Senin, 16 April 2012

Twitter : Peraduan Penulis Linimasa

Timeline saya, bacaan saya. Itulah salah satu ungkapan saya yang paling mendasar ketika ada hal-hal yang mengganggu saya ketika membaca timeline. Tidak perlu saya terangkan panjang lebar ini mengenai apa. Iya, ini mengenai twitter. Dunia "kedua" yang paling sahih keberadaannya. Dunia tempat semua penulis dadakan beradu dalam linimasa. Bermutu atau tidak itu urusan belakangan.

Itu sebabnya saya menganggap linimasa ini adalah sebuah majalah, atau digital magazine kalau harus menilik dimensinya. Twitter dan timeline yang bergerak di dalamnya bukan lagi alat sosial media berbentuk interaksi satu orang ke orang lain. Singkatnya, menurut hemat saya, rugi kalau twitter hanya diperuntukkan sekadar saling retweet me-retweet atau reply me-reply obrolan yang bahkan bisa dilakukan bahkan di dunia paling nyata. Ya itu menurut saya sih, silakan kalau tidak setuju.

Kembali ke awal, saya memperlakukan twitter seperti majalah, media digital. Kenapa? karena ada banyak rubrik di dalamnya. Rubrik yang ditulis oleh para penulis dadakan. Gampang saja, saya tertarik dengan film, video game, digital movement (oke saya bingung dengan istilah ini, tapi intinya social movement dengan metode publisitas via social media) dan (sedikit) hal yang bermuatan sastra.  Caranya gampang saja, saya follow orang atau akun lebih tepatnya, yang memang bermuatan itu, mempunyai konten. Tentu saja, saya masih menyisakan rubrik untuk bersosialisasi dengan teman-teman saya.

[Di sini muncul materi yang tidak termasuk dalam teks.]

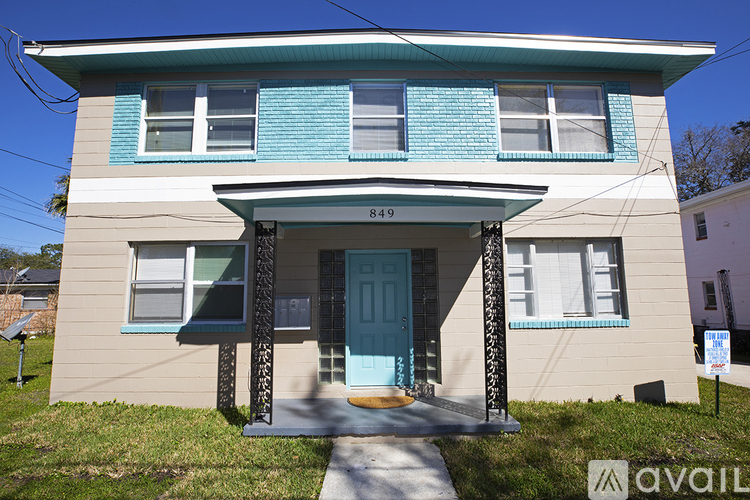 A house with the number 849 on the front porch.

Seperti tadi pagi, ketika saya bertanya apa saja yang saya lewatkan semalam di twitter. Teman satu menjawab gempa Jakarta, teman yang lain menjawab ramainya sebuah tagar di timeline. Iseng (atau niat yak?) scrolling-scrolling timeline dan tidak menemukan tagar yang dimaksud. Setelah dikonfirmasi ternyata tagar tentang sepakbola, sedangkan saya bukan penggemar bola dan tidak follow atau menyimak hal-hal tentang sepakbola. Intinya, saya gak masuk segmen tagar itu tadi. Saya memilih untuk tidak masuk menjadi segmen itu dengan alasan ya saya punya ketertarikan lain yang lebih bisa saya tunggu untuk muncul di linima saya. Linimasa yang saya bentuk dan ciptakan sendiri.

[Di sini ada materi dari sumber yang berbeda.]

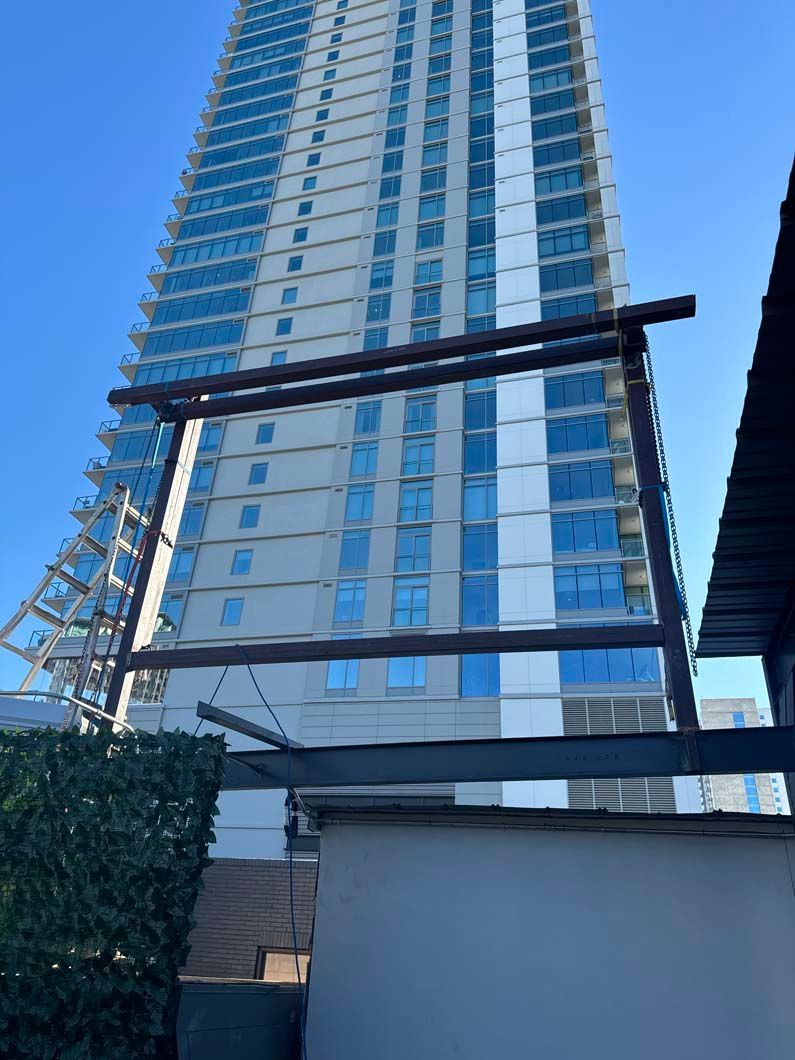 A tall building with a wooden railing in front of it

Terlebih dengan itu sebenarnya, sebagaimana dengan yang lain, saya pun menjadi penulis dadakan di timeline. Menjadi kontributor dadakan di timeline orang sekaligus bertukar pikiran dengan orang yang menghiasi timeline saya. Sebenarnya saya bisa menulis apa saja, entah itu sesuatu yang baik-baik (yang entah kenapa selalu dihubungkan dengan pencitraan) atau sumpah serapah dan sebagainya. Saya akui, saya bukanlah orang yang expert dalam satu bidang (atau mungkin belum begitu) jadi saya menulis apa yang saya tahu saja, hobi terutama. Game atau film salah satunya. Pada akhirnya ini akan memberi efek atau pengaruh pada pembaca timeline kita. Misalkan ada yang nyambung dan ada interaksi, bisa bertukar pikiran, nambah kenalan baru, bisa diskusi dan endingnya bisa nambah pengetahuan. Semua berawal dari menulis itu tadi.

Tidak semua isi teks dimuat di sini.